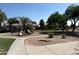 Community playground with playset and walking path at 11329 E Caballero St, Mesa, AZ 85207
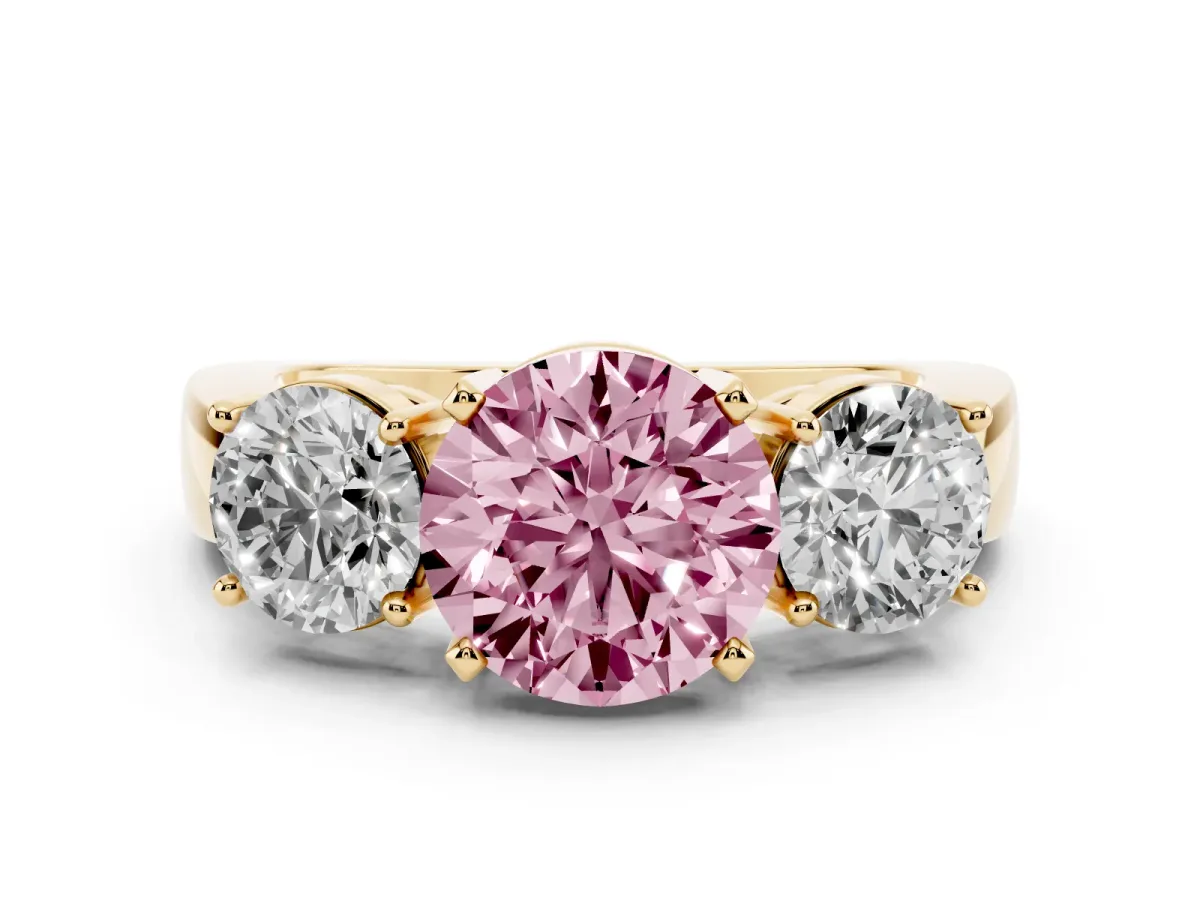 Fancy Pink Three-Stone Round Cut Diamond Ring with Round Side Stones, Classic Band, and Four-Prong Setting Yellow gold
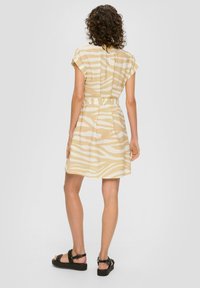 Robe à manches courtes ceinturée en beige clair avec des rayures blanches en zèbre, présentant une coupe décontractée et un tissu texturé. Accentuée par une fermeture à bouton dans le dos.
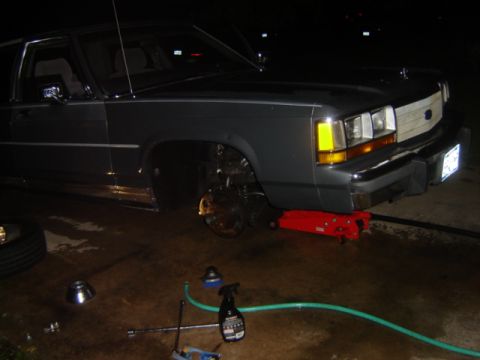 1988 Ford Crown Victoria LTD - A dark gray 1988 Ford Crown Victoria LTD is shown with its front wheel removed and supported by a jack.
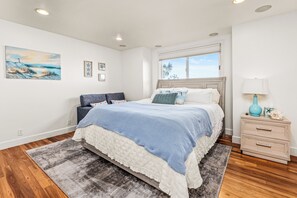 Ein Schlafzimmer mit einem Bett, Nachttischen, einem Fenster und einem Bild an der Wand.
========================
→ About this exercise
Write the lines out exactly, beginning at the line that holds "Fancy Pink Three-Stone" and stopping after the last line of the entries; include no pictures.

→ Written response
 Fancy Pink Three-Stone Round Cut Diamond Ring with Round Side Stones, Classic Band, and Four-Prong Setting Yellow gold
 Robe à manches courtes ceinturée en beige clair avec des rayures blanches en zèbre, présentant une coupe décontractée et un tissu texturé. Accentuée par une fermeture à bouton dans le dos.
 1988 Ford Crown Victoria LTD - A dark gray 1988 Ford Crown Victoria LTD is shown with its front wheel removed and supported by a jack.
 Ein Schlafzimmer mit einem Bett, Nachttischen, einem Fenster und einem Bild an der Wand.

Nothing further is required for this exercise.